Второй пассажир плечист и толст. У него по-сибирски ядреное лицо — широкое, красноватое, с полными губами. Он занимал много места, и Элла кое-как примостилась. Откинувшись на спинку сиденья, она вздохнула и улыбнулась, довольная, что все в конце концов закончилось благополучно.
— В самом Раздолинском живете иль где? — спросил высокий парень, повернувшись к Элле и улыбаясь.
— Нет. Еду на работу устраиваться. Я торгово-кулинарную школу закончила. В воскресенье выпускной вечер был... И вот... еду.
— Так вы что, в торговле свирепствовать будете?
— Поваром. И не свирепствовать, а работать.
— Ну-у-у, не тужите, ребята! С голоду не подохнем — повара захватили. А он главней продуктов. Повара-то, которые торгово-кулинарную школу закончили, из лаптей щи варят. Да еще и вкусные. Сам как-то пробовал.
— Не говорите глупостей, — нахохлилась Элла.
— Не видать ей теперь Раздолинского, — заговорил толстый парень, — с собой увезем. Повара нам, ой, как нужны. Особенно выученные. В нашем-то деле главное пожрать поплотнее да повкуснее. Квартиркой вас обеспечим. Замуж выдадим. Вот хотя бы за Сережку. Он у нас первейший парень в селе. Самый сильный, самый ленивый и выпить не дурак.
— Золотые твои слова, Микола.
— Прекратите говорить пошлости, — рассердилась Элла. — Слушать это вовсе неинтересно.
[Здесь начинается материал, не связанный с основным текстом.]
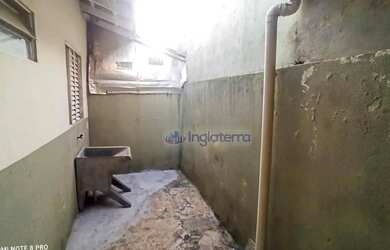 Imagem 7: Casa com 2 quartos para alugar, 50 m² por R$ 800/mês - Ernani de Moura...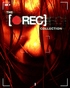 The [REC] Collection (Blu-ray Movie)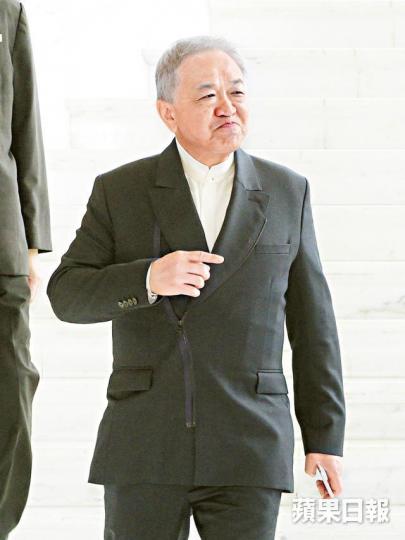 霍建寧 霍建寧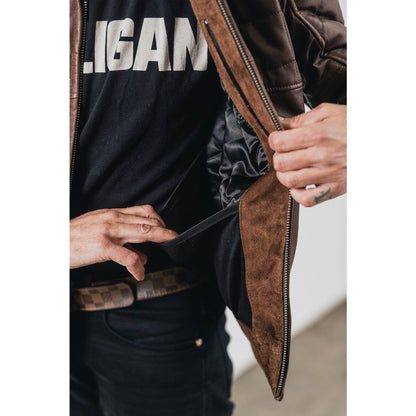 Hemlock Jacket CE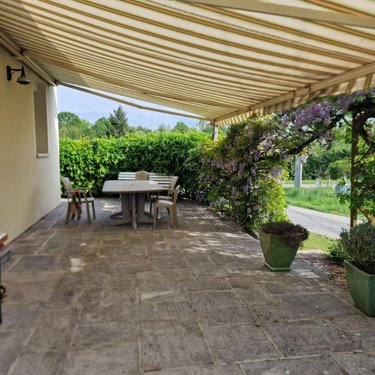 Maison a vendre Aron 53440 Mayenne 126 m2 4 pièces 263925 euros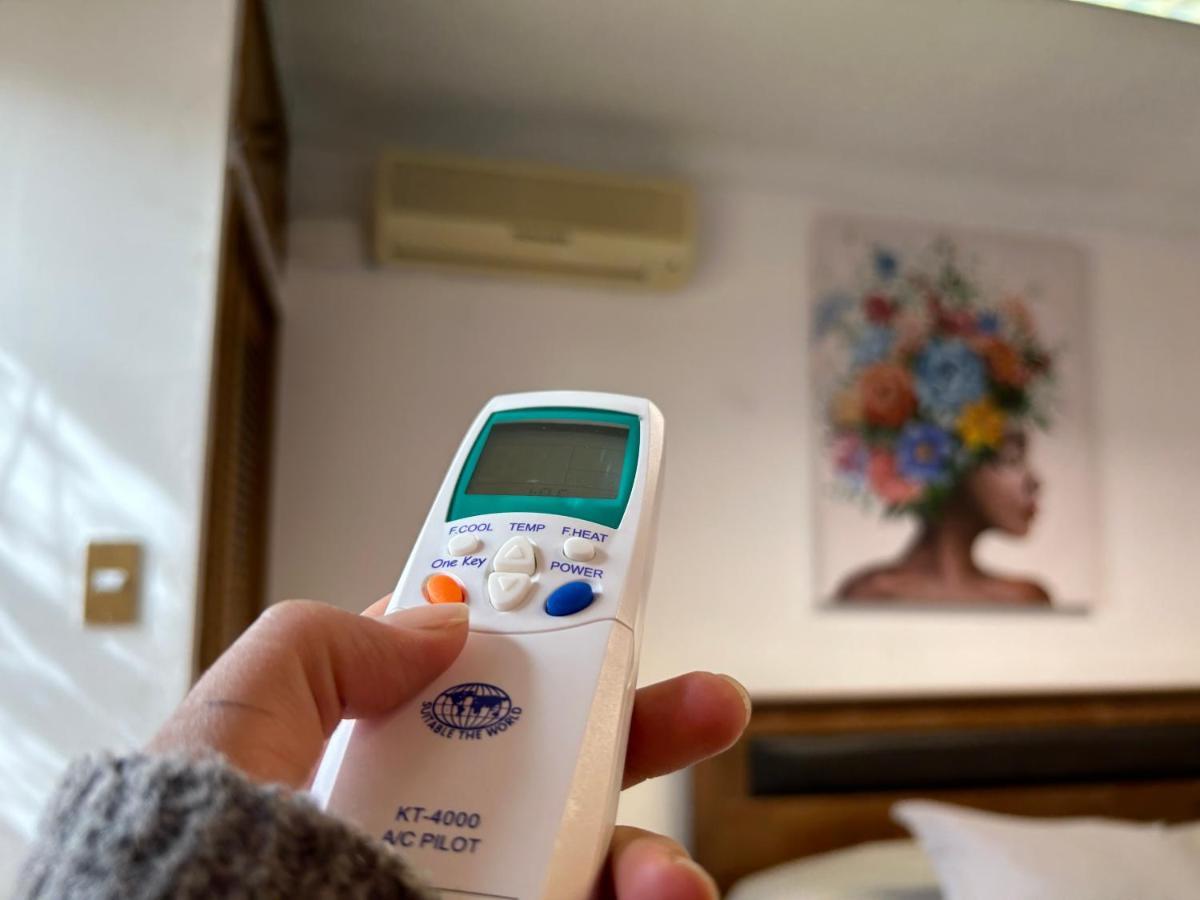 Casona Lorena サンティアゴ エクステリア 写真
— А женушка у тебя будет с характером.
— Не говори, Микола. Ноне все такие пошли. Недаром дед Маркел не женится. «Холоштому-то, грит, куды шпокойнее». На той неделе я его у ворот бабки Болдычихи повстречал. «Ты чё, — спрашиваю, — старый греховодник, к чужим бабкам заглядываешь, а?» — «Коромышло купил. В чельпо-то не раждобудишша. А у ей штарые жапаши». — «А ты знаешь, — говорю я ему, — что вчерась Петрович Болдычин чуть насмерть не забил этим самым коромыслом одного командировочного, который чаек с бабкой попивал?» — «Пошто меня бить? Я мужик бешполежнай». — «А Петрович не будет разбирать твою полезность, шибанет — и поминай как звали. Не заявляйся, когда хозяин за порог вышел». — «Пучь-ка, шамово раштреляют». — «А тебе-то какая польза от этого», — говорю я. — Да и не расстреляют. Указ такой вышел, по которому разрешают бить чем попадя мужиков, если они к чужим бабам заходят. Это называется: в припадке ревности». Маркел сперва не поверил: «Неправду, грит, шкаживашь». А потом шепчет: «Ладно, шнешу-ка я нажад ето шволочное коромышло. А то етот Петрович и вжаправду вше че-то ерепенитша...» — «Зачем, говорю, уносить? Как раз на Петровича-то и напорешься. Покрась коромысло красной краской. И — все дела. В городе вон красные коромысла продают. Тогда твой Петрович ни черта не заметит». В субботу вечером гляжу: топает Маркел, а на плече у него красное коромысло.